───── THE INPUT ─────
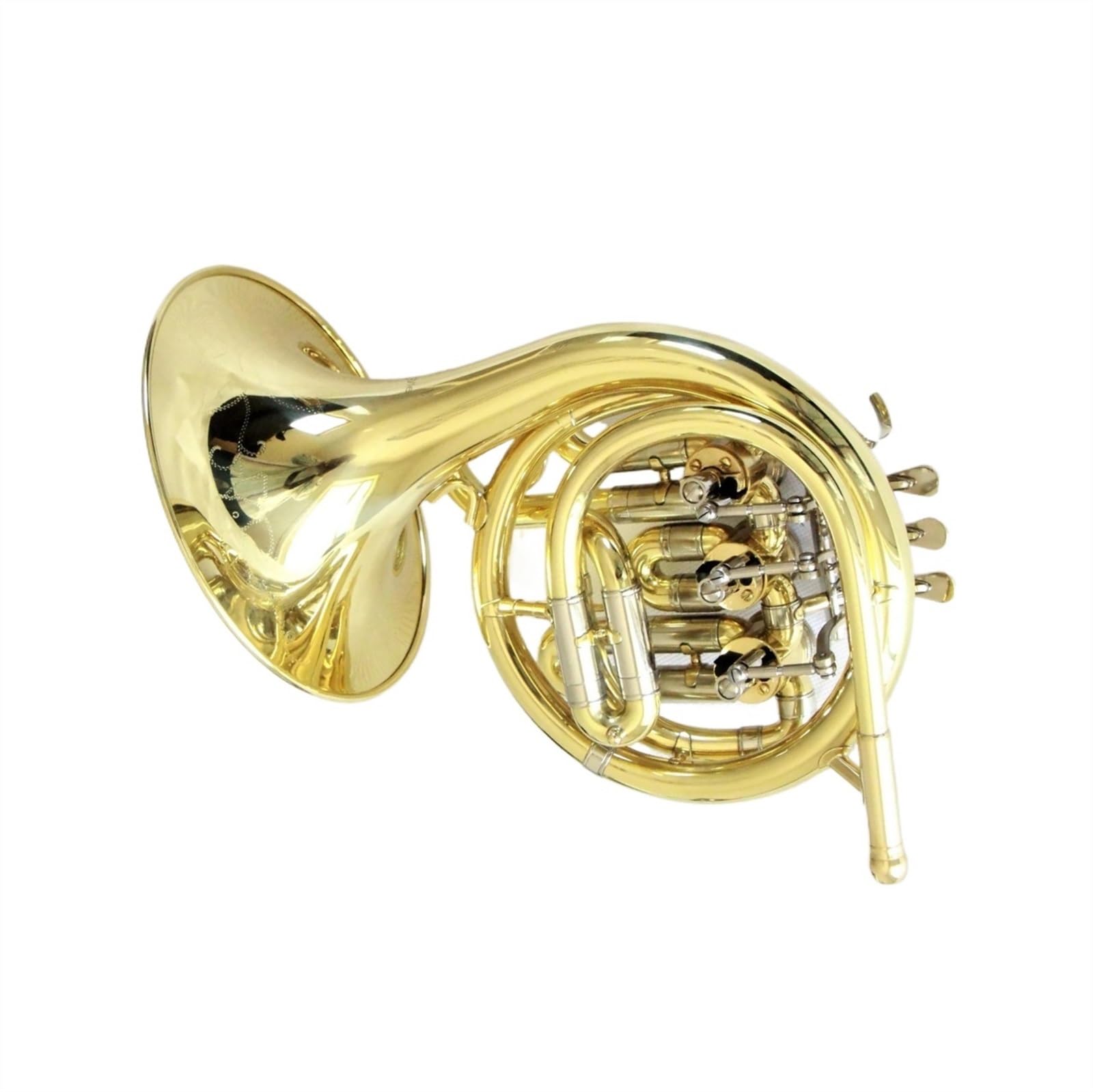 Cor Français Miniature Doré 4 Pouces Avec Support - Réplique D'instrument De Musique En Laiton - Cadeau Pour Musicien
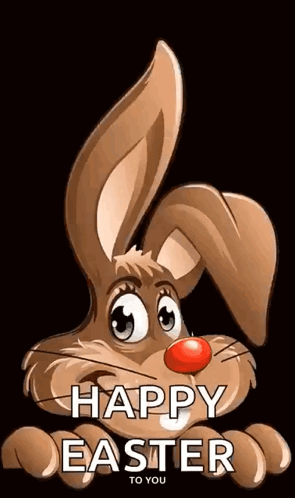 A Cartoon Bunny With A Red Nose And The Words Happy Easter To You Below It GIF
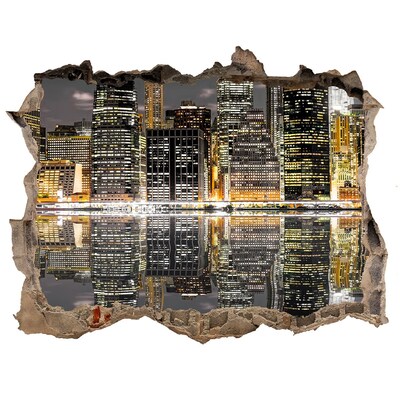 Autocolant gaură 3D Vedere a orașului noaptea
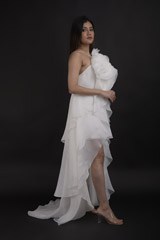 White Layered High Low Gown_DTR0770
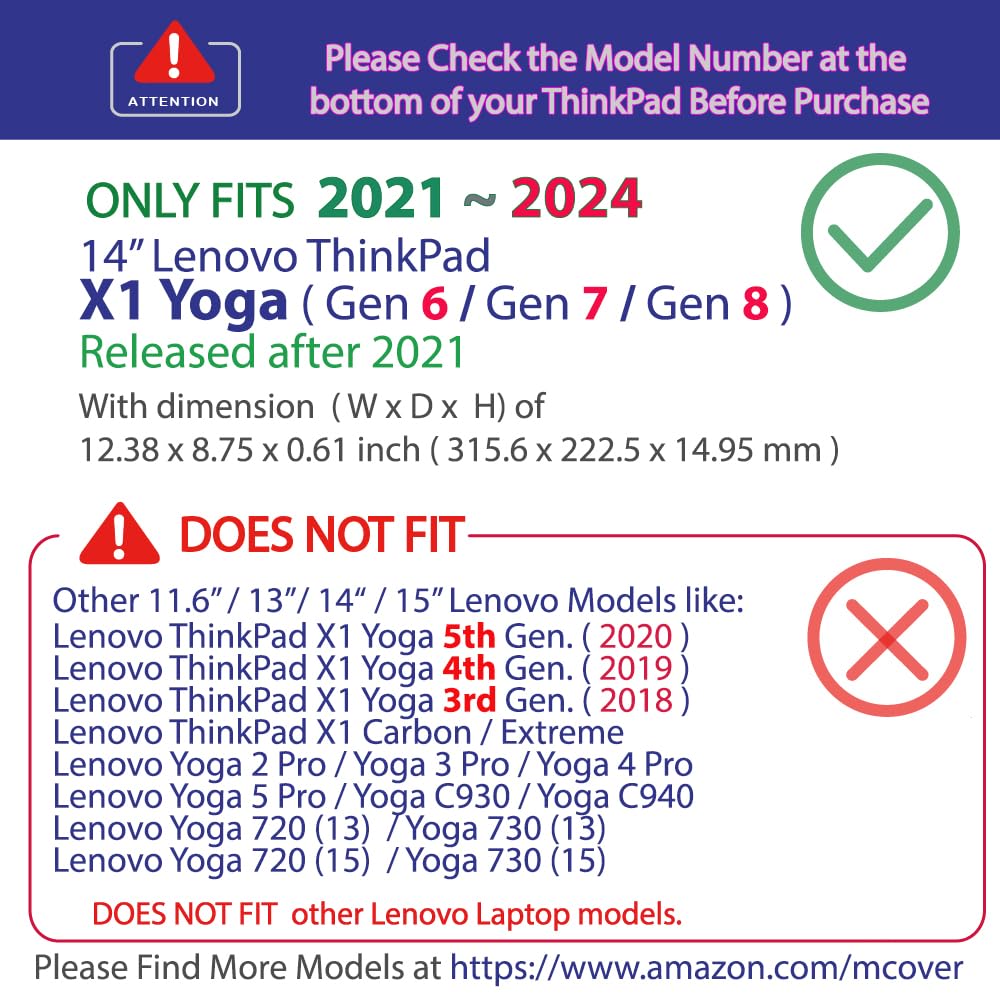 mCover Case for 2021-2023 14" Lenovo ThinkPad X1 Yoga Gen 6 7 X1 Carbon Gen 9 10 Notebook PC Clear Case Only - View 3 of 7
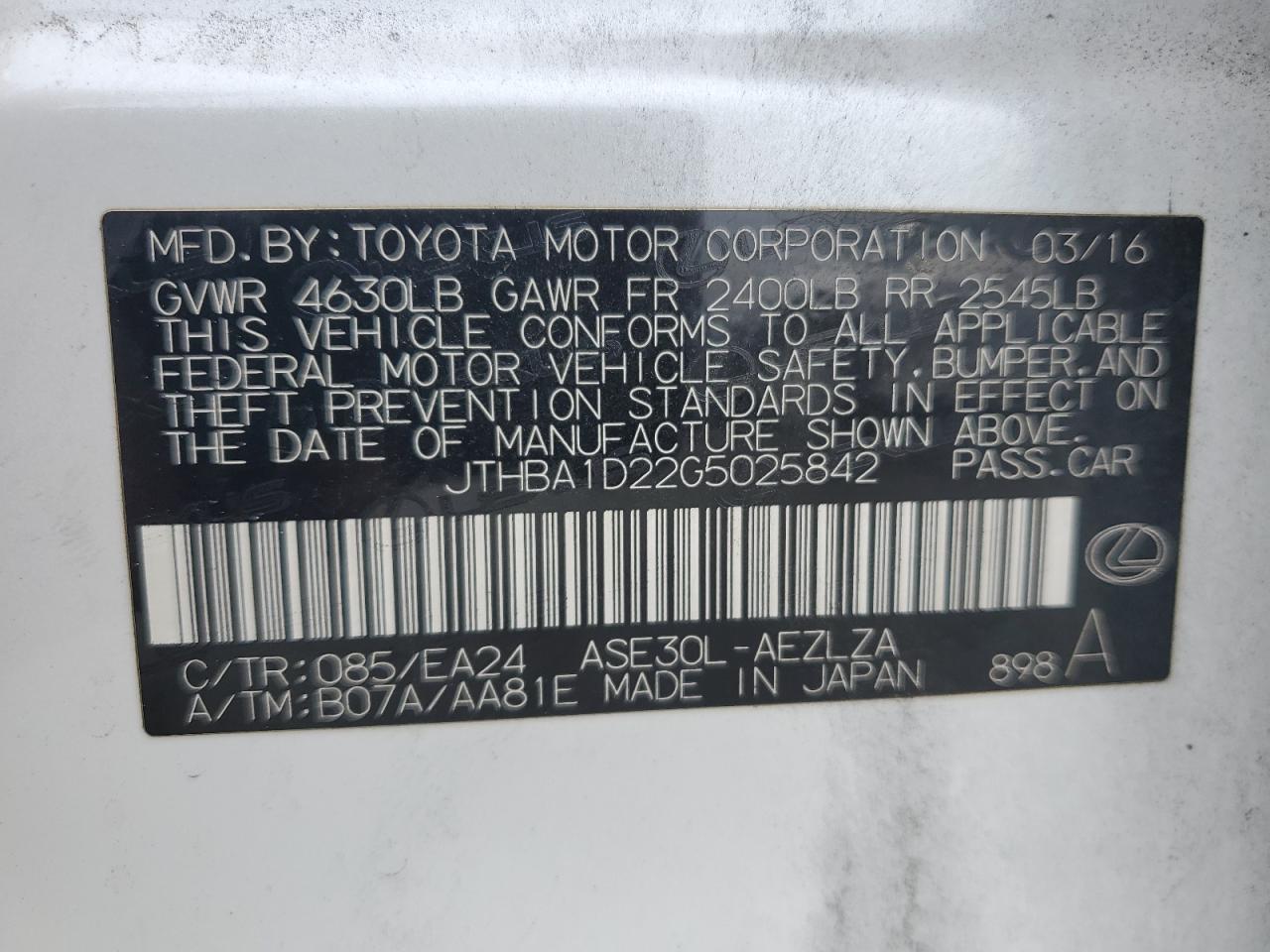 2016 Lexus Is 200T VIN: JTHBA1D22G5025842 Lot: 82212145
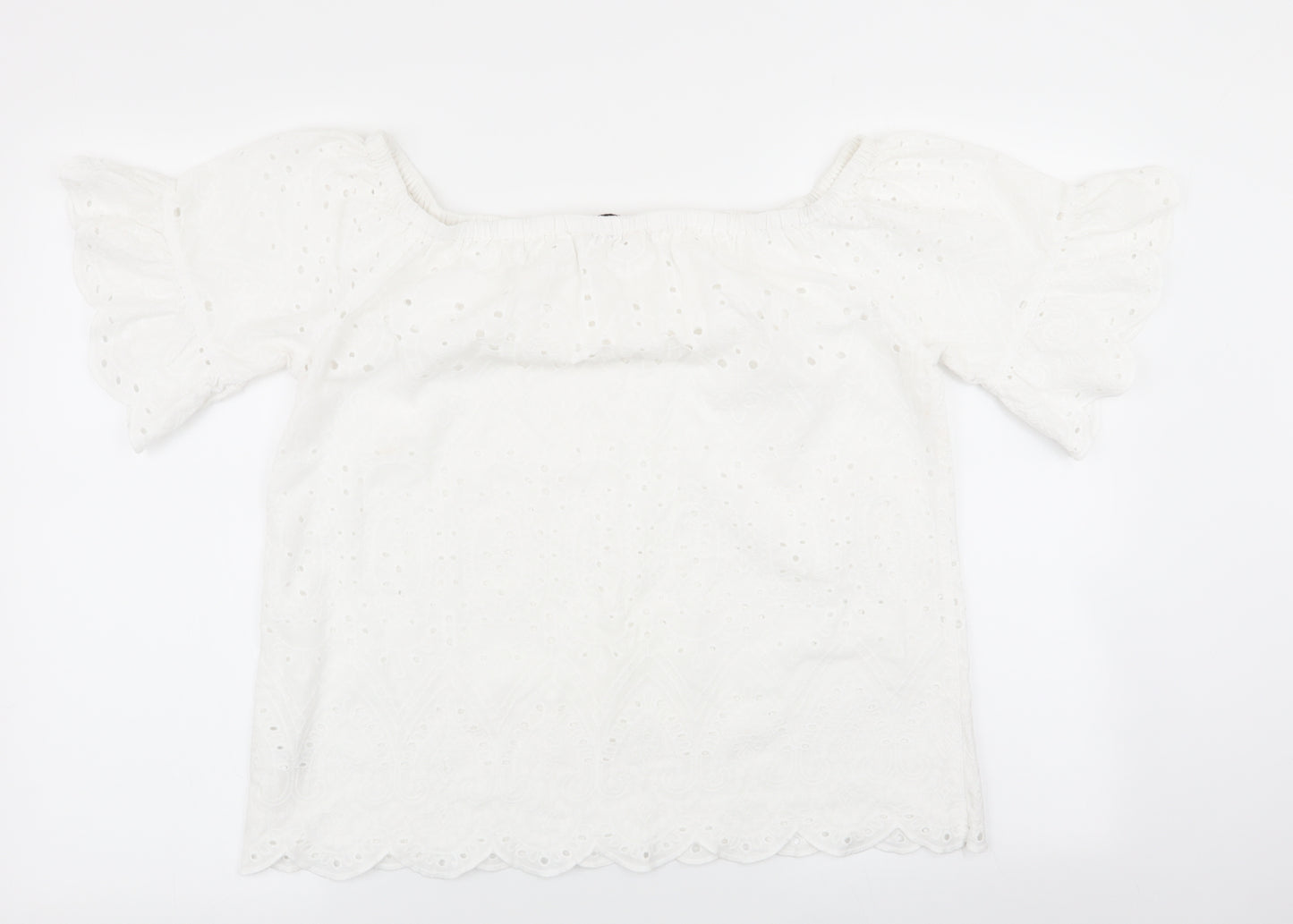 F&F Womens White Geometric  Basic Blouse Size 14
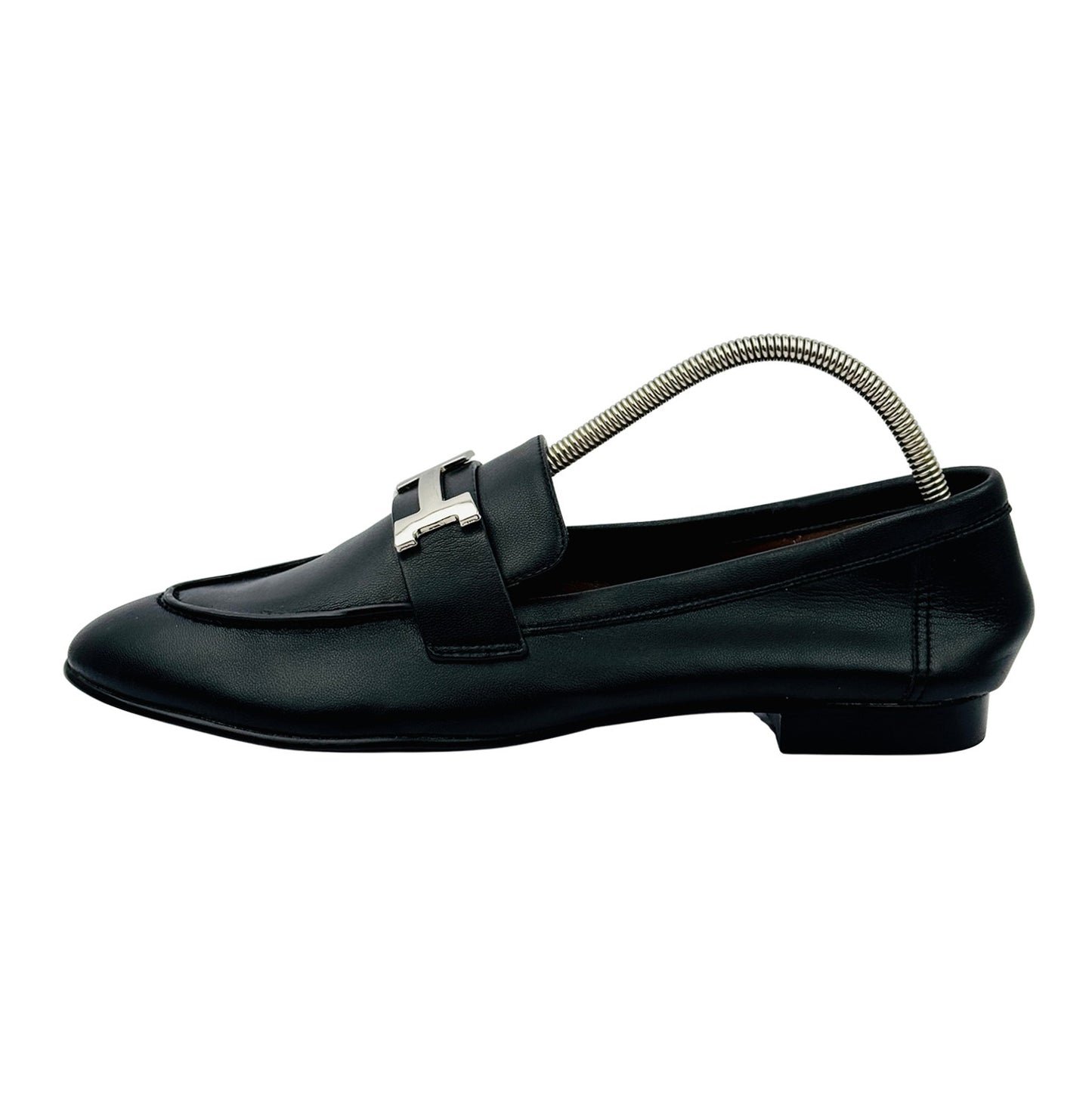 Hermes Paris Black Leather 'H Buckle' Loafers (Size 38)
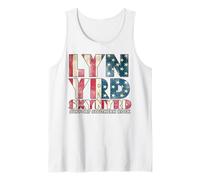 Lynyrd Skynyrd Drapeau Logo USA Stars Rayures Années 70 Rock Southern Débardeur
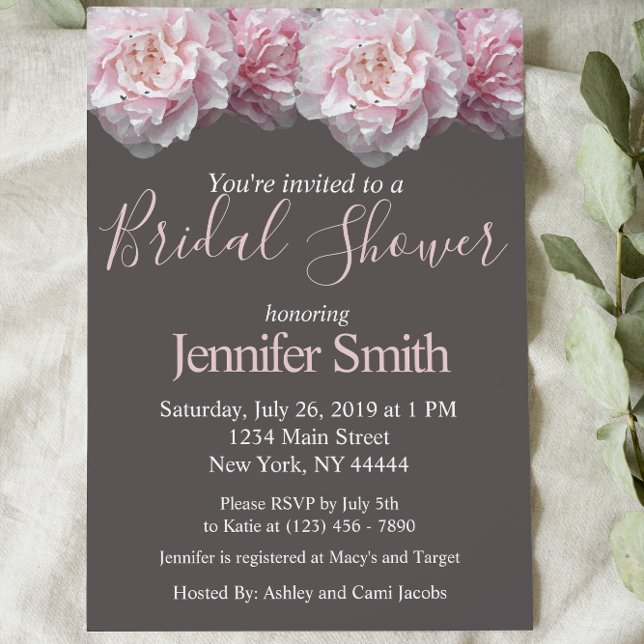Invitation Peony Bridal Shower (Créateur téléchargé)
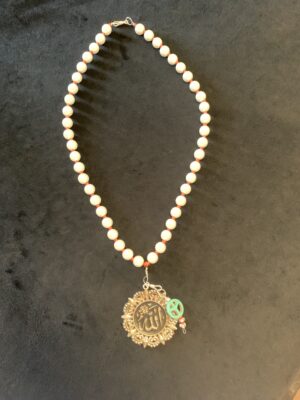 Faux Pearl Allah Shield and Peace Necklace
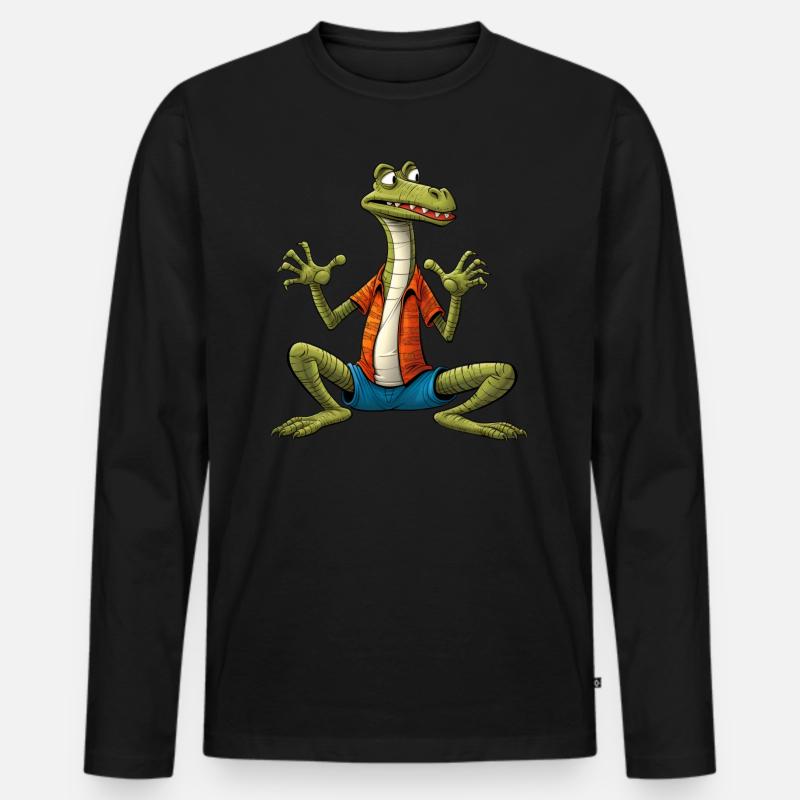 Eidechse Yogi - Männer Premium Bio Langarmshirt - Schwarz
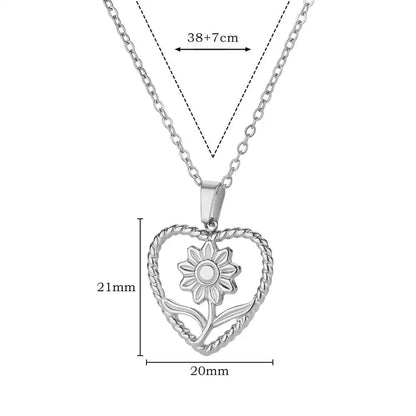 Stainless Steel Love Heart Pendant Necklace For Women Fashion Gold Color Flower Necklace Couple Aesthetic Jewelry Accessories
─────
=== EXERCISE OBJECTIVE ===
A verbatim copy of every entry is wanted; the pictures stay out of it.

=== RESPONSE ===
 Cor Français Miniature Doré 4 Pouces Avec Support - Réplique D'instrument De Musique En Laiton - Cadeau Pour Musicien
 A Cartoon Bunny With A Red Nose And The Words Happy Easter To You Below It GIF
 Autocolant gaură 3D Vedere a orașului noaptea
 White Layered High Low Gown_DTR0770
 mCover Case for 2021-2023 14" Lenovo ThinkPad X1 Yoga Gen 6 7 X1 Carbon Gen 9 10 Notebook PC Clear Case Only - View 3 of 7
 2016 Lexus Is 200T VIN: JTHBA1D22G5025842 Lot: 82212145
 F&F Womens White Geometric  Basic Blouse Size 14
 Hermes Paris Black Leather 'H Buckle' Loafers (Size 38)
 Lynyrd Skynyrd Drapeau Logo USA Stars Rayures Années 70 Rock Southern Débardeur
Invitation Peony Bridal Shower (Créateur téléchargé)
 Faux Pearl Allah Shield and Peace Necklace
 Eidechse Yogi - Männer Premium Bio Langarmshirt - Schwarz
 Stainless Steel Love Heart Pendant Necklace For Women Fashion Gold Color Flower Necklace Couple Aesthetic Jewelry Accessories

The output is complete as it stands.